* _Source material_
________________
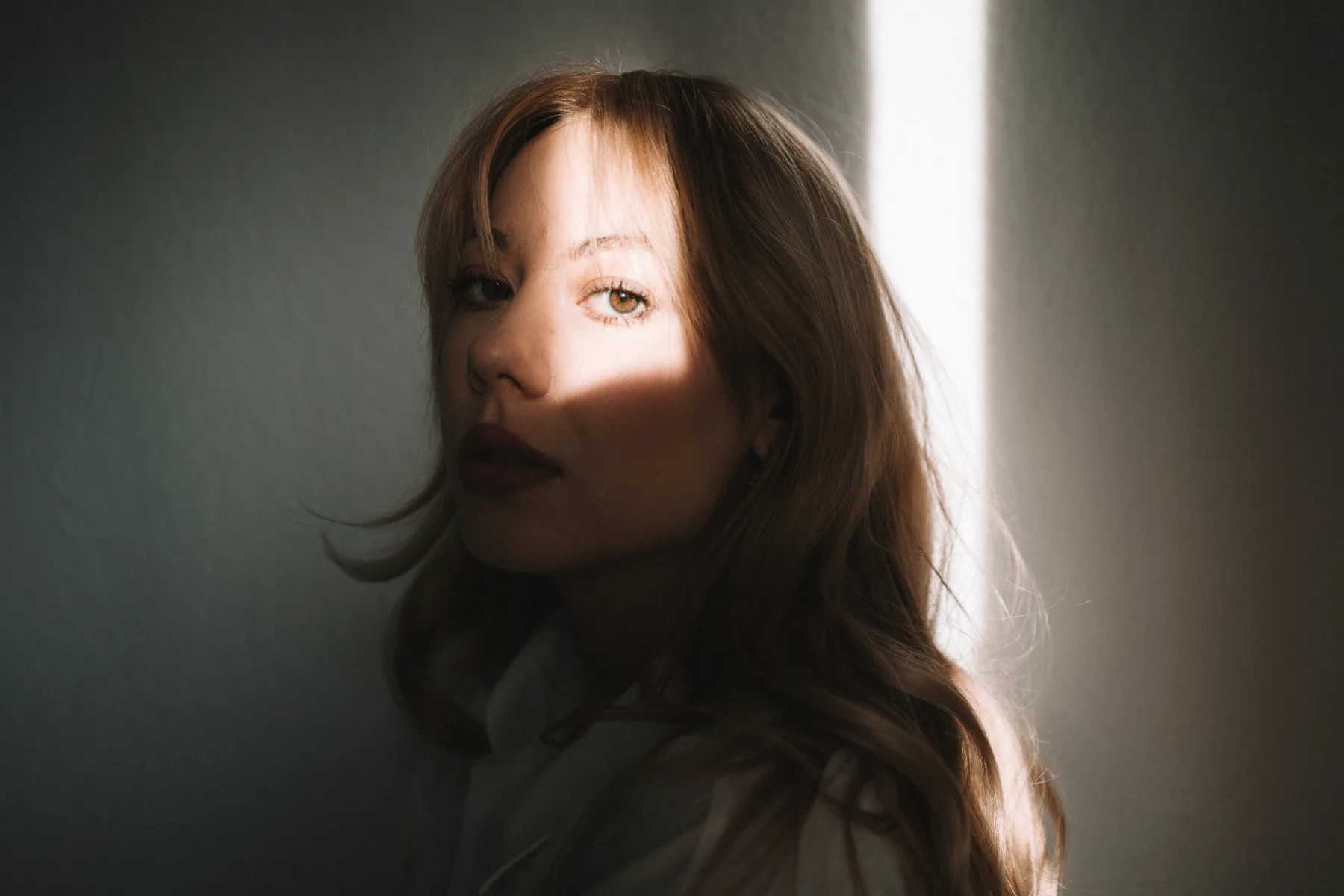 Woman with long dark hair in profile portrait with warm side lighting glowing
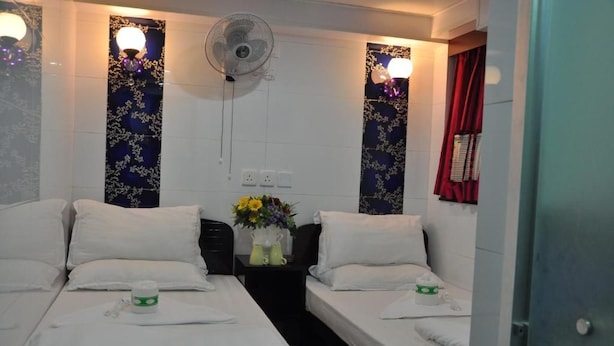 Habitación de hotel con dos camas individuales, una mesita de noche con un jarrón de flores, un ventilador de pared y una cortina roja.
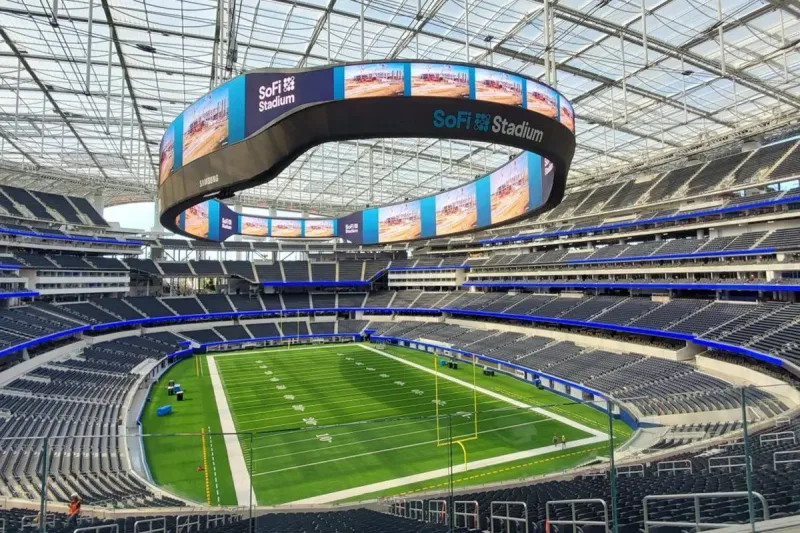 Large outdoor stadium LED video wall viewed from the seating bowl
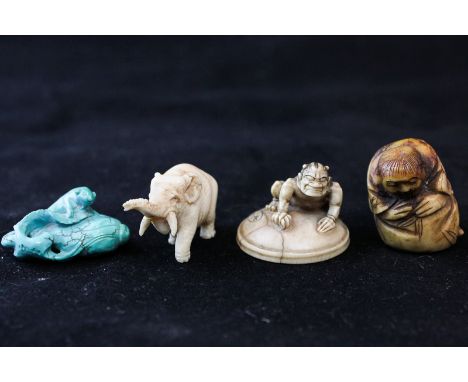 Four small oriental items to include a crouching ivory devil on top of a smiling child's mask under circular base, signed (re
________________
* _Task prompt_
Retype word for word all the material given above, and keep the pictures out.

* _Worked solution_
 Woman with long dark hair in profile portrait with warm side lighting glowing
 Habitación de hotel con dos camas individuales, una mesita de noche con un jarrón de flores, un ventilador de pared y una cortina roja.
 Large outdoor stadium LED video wall viewed from the seating bowl
 Four small oriental items to include a crouching ivory devil on top of a smiling child's mask under circular base, signed (re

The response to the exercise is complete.